### Records for this task
'''
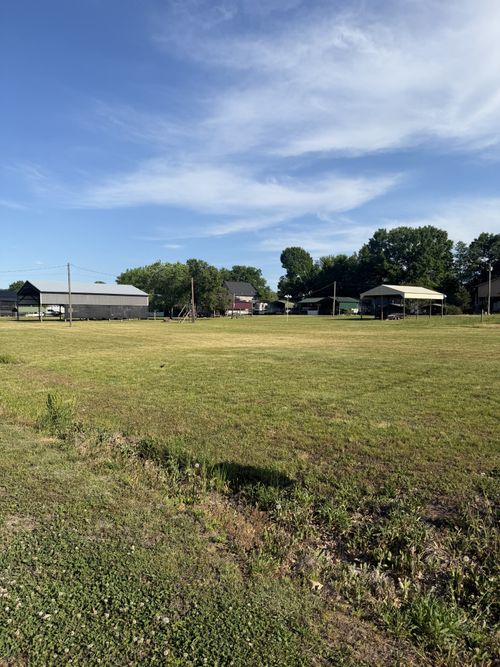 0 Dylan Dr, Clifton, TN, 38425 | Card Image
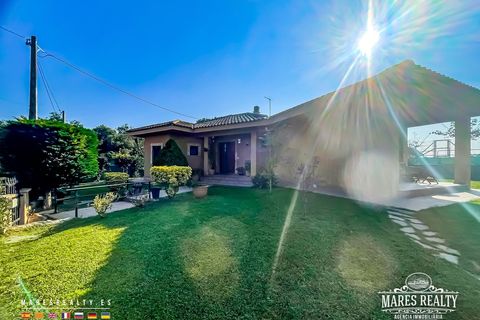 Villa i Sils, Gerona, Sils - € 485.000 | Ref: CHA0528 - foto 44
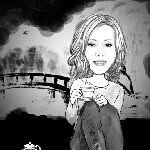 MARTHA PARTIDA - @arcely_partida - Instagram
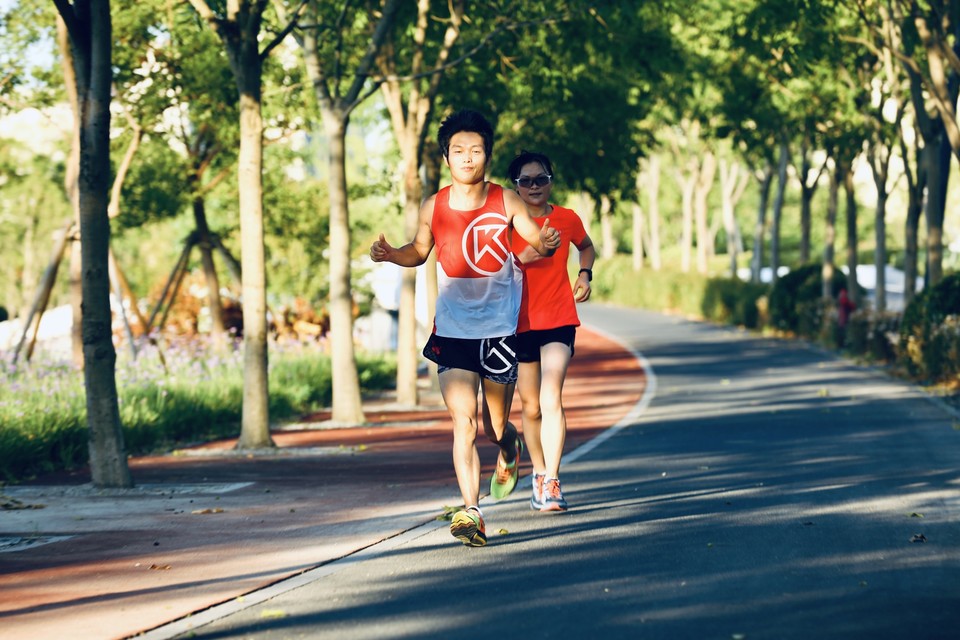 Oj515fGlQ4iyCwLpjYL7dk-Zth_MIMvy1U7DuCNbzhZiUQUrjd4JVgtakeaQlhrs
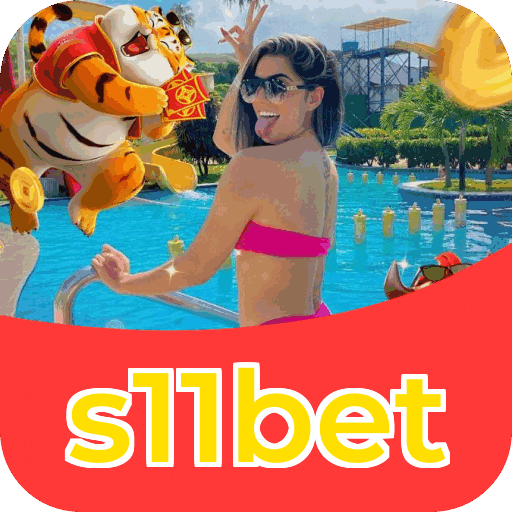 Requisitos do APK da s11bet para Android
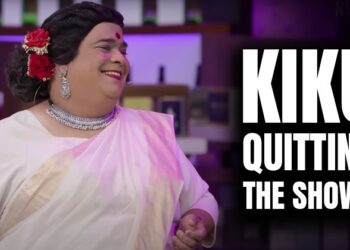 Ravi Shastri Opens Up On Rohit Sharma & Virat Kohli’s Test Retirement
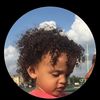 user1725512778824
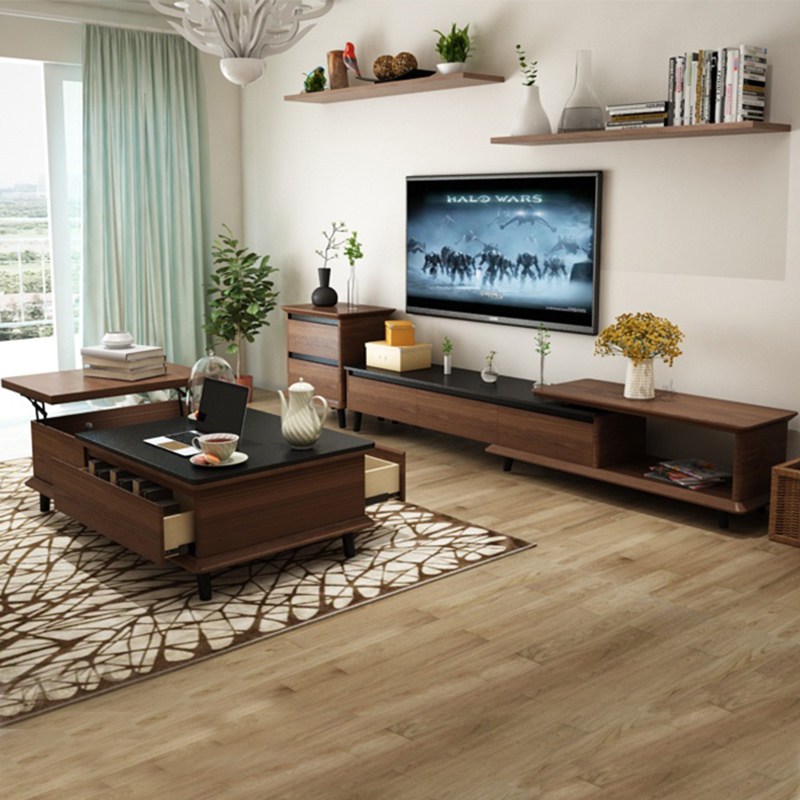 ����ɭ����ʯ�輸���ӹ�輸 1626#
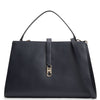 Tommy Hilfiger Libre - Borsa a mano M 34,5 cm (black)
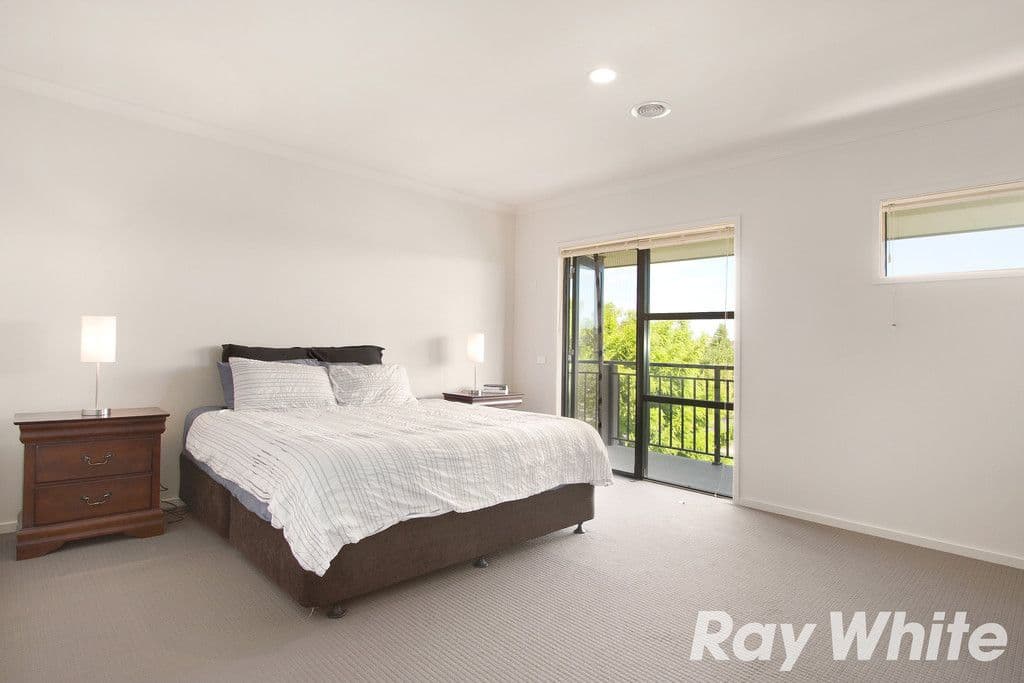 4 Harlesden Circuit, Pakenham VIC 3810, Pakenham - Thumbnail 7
'''
### Work to complete
Repeat the data in full, exactly as it stands, but drop every picture.

### Response to the task
 0 Dylan Dr, Clifton, TN, 38425 | Card Image
 Villa i Sils, Gerona, Sils - € 485.000 | Ref: CHA0528 - foto 44
 MARTHA PARTIDA - @arcely_partida - Instagram
 Oj515fGlQ4iyCwLpjYL7dk-Zth_MIMvy1U7DuCNbzhZiUQUrjd4JVgtakeaQlhrs
 Requisitos do APK da s11bet para Android
 Ravi Shastri Opens Up On Rohit Sharma & Virat Kohli’s Test Retirement
 user1725512778824
 ����ɭ����ʯ�輸���ӹ�輸 1626#
 Tommy Hilfiger Libre - Borsa a mano M 34,5 cm (black)
 4 Harlesden Circuit, Pakenham VIC 3810, Pakenham - Thumbnail 7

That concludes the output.